New York, July 25, 2023 – British authorities should make public the findings of an investigation into allegations that Northern Ireland police surveilled journalists Trevor Birney and Barry McCaffrey in 2013 and hold those responsible to account, the Committee to Protect Journalists said Tuesday.
“British authorities should ensure a thorough and transparent investigation into the alleged surveillance of journalists Trevor Birney and Barry McCaffrey, and make sure that any who violated journalists’ rights are held accountable,” said Gulnoza Said, CPJ’s Europe and Central Asia program coordinator. “Journalists must be able to speak with sources and do their jobs without fear that authorities will spy on their communications.”
The investigation stems from complaints filed by Birney and McCaffrey to the Investigatory Powers Tribunal, an independent judicial body charged with looking into surveillance allegations. The IPT is expected to hold a hearing later this year on the lawfulness of that alleged surveillance.
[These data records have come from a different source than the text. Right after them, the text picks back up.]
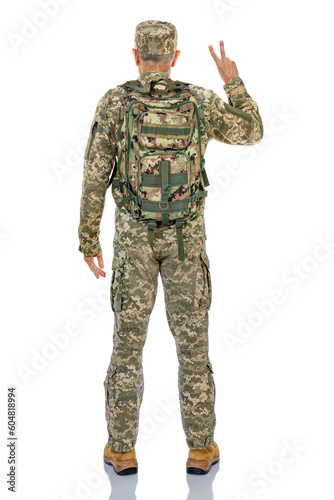Back side full-length portrait of soldier making v-signs isolated on white background. Fifty years old defender stands straight and posing in studio.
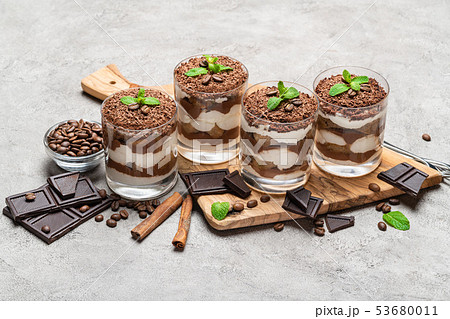 Classic tiramisu dessert in a glass on dark concrete background Classic tiramisu dessert in a glass on dark concrete background 53680011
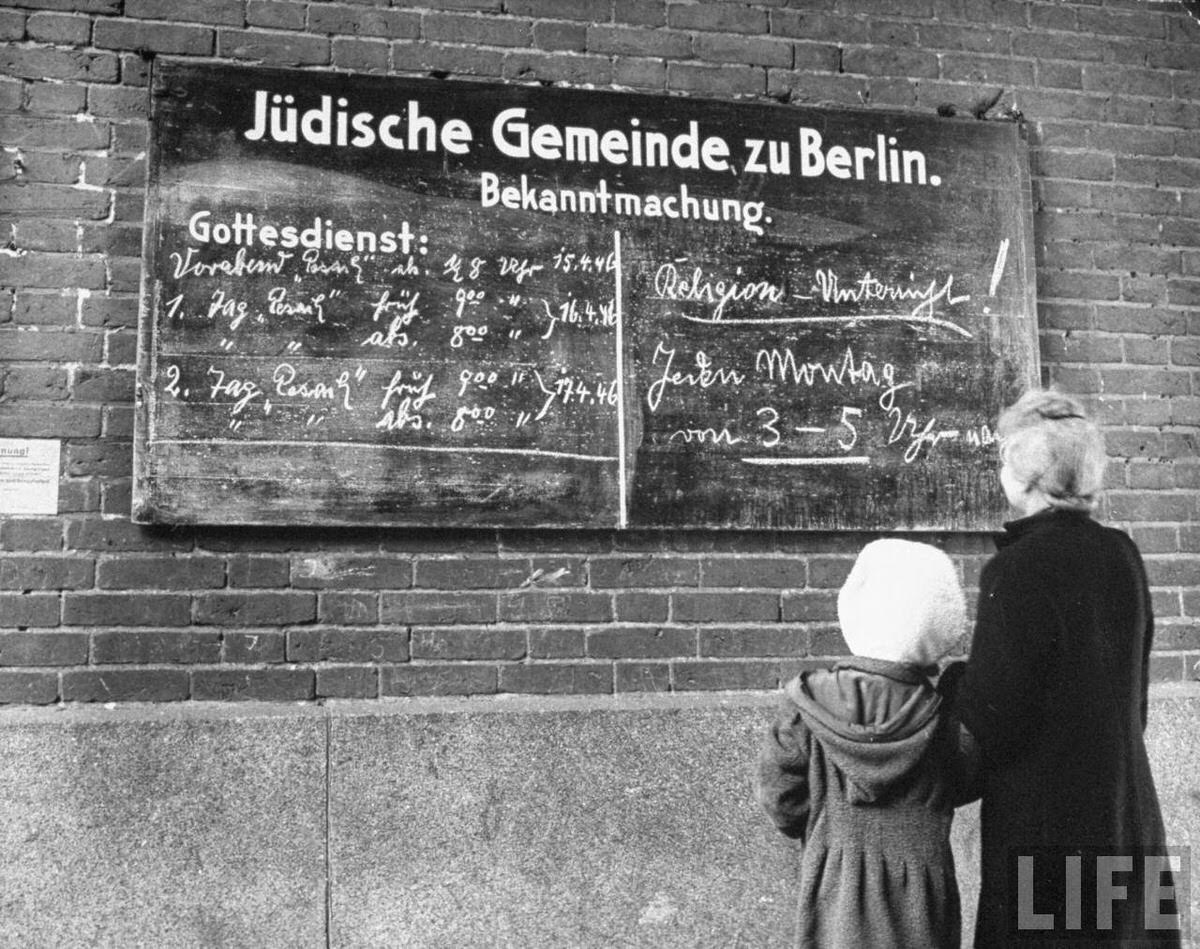A woman and her child reading the bulletin board outside a synagouge during Passover.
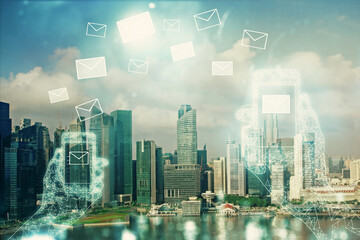 Double exposure of envelop hologram flying from gadget and city view background. Concept e-mail.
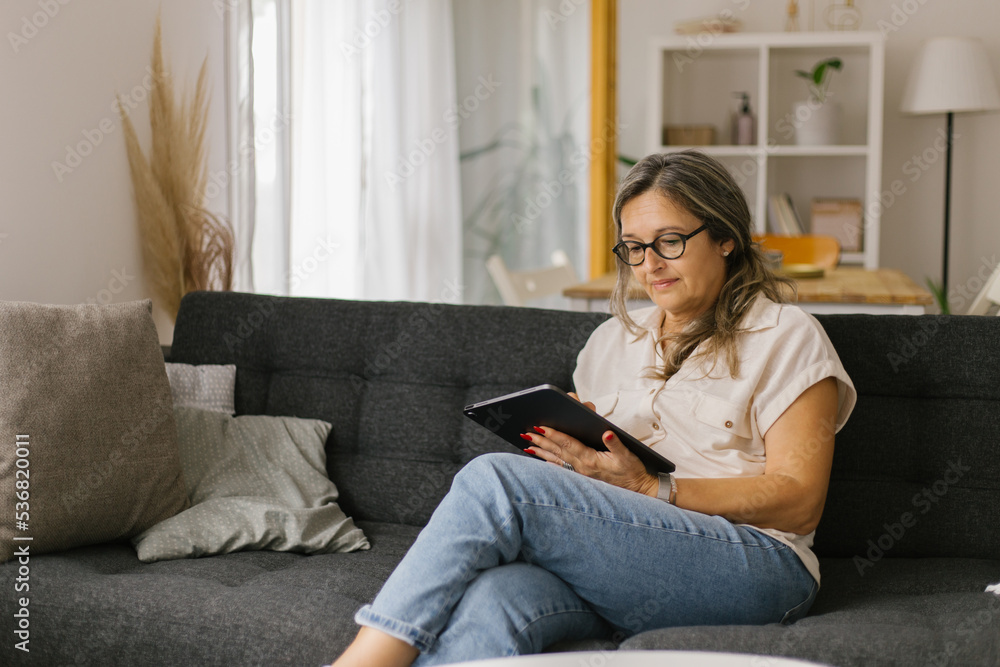 Adult woman having video call at home using tablet Adult woman having video call at home using tablet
Birney and McCaffrey were arrested and their homes raided in 2018 on suspicion of stealing confidential documents while working on the documentary “No Stone Unturned,” about a Northern Ireland police investigation into the 1994 murders of six men. In 2020, the journalists won a case in the High Court of Belfast, which ruled that the search warrants were inappropriate and ordered the police to pay damages to both journalists.
Birney told The Guardian that he and McCaffrey had no insight into the IPT’s investigation. He said they were “completely blinkered in this process. We only get to see a glimpse behind the curtain of what the court is doing.”